Chan Gateway
The gateway is the self-hostable server side of chan's tunnel. It lets a fleet of chan serve instances dial out and be reached from anywhere in the browser, behind sign-in, without opening inbound ports on each machine. It lives in this repo under gateway/ and is yours to run; the maintainer's own deployment at id.chan.app and workspace.chan.app is experimental, ships with sign-in off by default, and is not a hosted product.
How chan uses it
Instead of binding a local port, chan serve can publish a workspace over an outbound tunnel to a gateway, which reverse-proxies it back to you:
export CHAN_TUNNEL_TOKEN=chan_pat_... # a token your gateway issued
chan serve ~/notes --tunnel-url https://workspace.example.com/v1/tunnel
chan dials the gateway, registers the workspace over an authenticated tunnel, and serves every request through the same router the local listener uses. The workspace is then reachable at {user}.workspace.example.com/{workspace}/*, gated by the gateway.
Services
The gateway is a separate Cargo workspace under gateway/. Its public and internal services are:
service surface role
--------------- --------------------- -------------------------------------
identity id.chan.app OAuth sign-in (GitHub, Google,
GitLab), sessions, personal access
tokens, the account SPA
workspace-proxy workspace.chan.app tunnel registration (POST /v1/tunnel)

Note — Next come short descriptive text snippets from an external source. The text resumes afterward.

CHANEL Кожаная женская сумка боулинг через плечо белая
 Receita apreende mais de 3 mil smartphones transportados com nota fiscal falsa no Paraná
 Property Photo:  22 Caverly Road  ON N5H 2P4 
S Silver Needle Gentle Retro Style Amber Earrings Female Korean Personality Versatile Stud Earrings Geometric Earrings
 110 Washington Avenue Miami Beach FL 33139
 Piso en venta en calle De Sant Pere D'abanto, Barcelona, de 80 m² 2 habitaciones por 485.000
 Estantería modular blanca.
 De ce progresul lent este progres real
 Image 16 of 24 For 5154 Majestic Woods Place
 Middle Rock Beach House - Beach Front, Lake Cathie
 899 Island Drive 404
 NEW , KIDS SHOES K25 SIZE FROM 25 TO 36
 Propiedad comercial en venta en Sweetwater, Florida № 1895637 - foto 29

+ *.workspace.chan.app + reverse proxy into each chan serve
profile internal users, identities, tokens over
Postgres; called by the others
admin CLI operator tooling against profile +
workspace-proxy admin routes
Personal access tokens (chan_pat_...) issued by identity are what CHAN_TUNNEL_TOKEN carries. Access to a published workspace is gated by a short-lived entry token minted by identity and a path-scoped session cookie minted by the workspace proxy, so one workspace cannot read another's session.
Self-deploy
The gateway is Postgres-backed and targets Linux (amd64 / arm64). Standing up your own deployment means running the three services, a Postgres database, and configuring at least one OAuth provider; macOS contributors can run Postgres inside a Lima VM via sdme. Adding an OAuth provider is one new file plus config wiring.
The full route tables, environment variables, trust boundaries, and dev setup are documented in the gateway README: github.com/fiorix/chan/tree/main/gateway.
Verification status
The chan serve --tunnel-url command shape is verified against the documented flags. A full end-to-end run against a live gateway (tunnel registration -> browser access behind OAuth) requires a deployed gateway and is not exercised by the local audit; it is left for a deployment-time check.